Take the convention of spherical coordinates for mathematics defined here. It's convention that $\phi$ should range at most from $[0,\pi]$ and $\theta$ from $[0,2\pi]$. Suppose I wanted to integrate over the upper unit hemisphere. The conventional way of doing so would be to use the bounds $\theta \in [0, 2\pi], \phi \in [0, \pi/2]$, which yields for the function $\sin\phi$,
$$\int_{0}^{\frac{\pi}{2}}\int_{0}^{2\pi}\sin\phi\ d\theta d\phi = 2\pi$$
Suppose I am a rebel and want to integrate over the same region in a different way. My understanding of the range convention on $\phi$, $[0,\pi]$, is to avoid accidentally counting the same points on a surface twice. I'll attempt to avoid this mistake by only using the range of $\theta$ to be $[-\pi/2, \pi/2]$, and I want $\phi \in [-\pi/2, \pi/2]$.

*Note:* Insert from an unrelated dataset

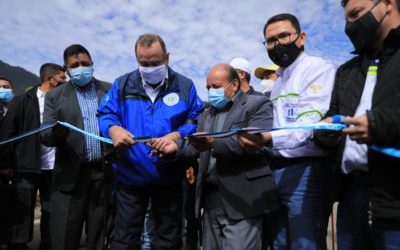 Giammattei inaugura carretera, promete otras obras y recibe regalos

$$\int_{-\frac{\pi}{2}}^{\frac{\pi}{2}}\int_{-\frac{\pi}{2}}^{\frac{\pi}{2}}\sin\phi\ d\theta d\phi = 0$$
Given that the integral over these different bounds (which I think should still yield the upper unit hemisphere) is a different answer, I'm led to believe there must be a better reason for the $\phi$ constraint.
Why do these integrals yield different answers?
The area element on the unit sphere is $|\sin\phi| d\theta d\phi$, not $\sin\phi \, d\theta d\phi$. But you don't have to worry about the absolute value signs if you only use $\phi \in [0,\pi]$.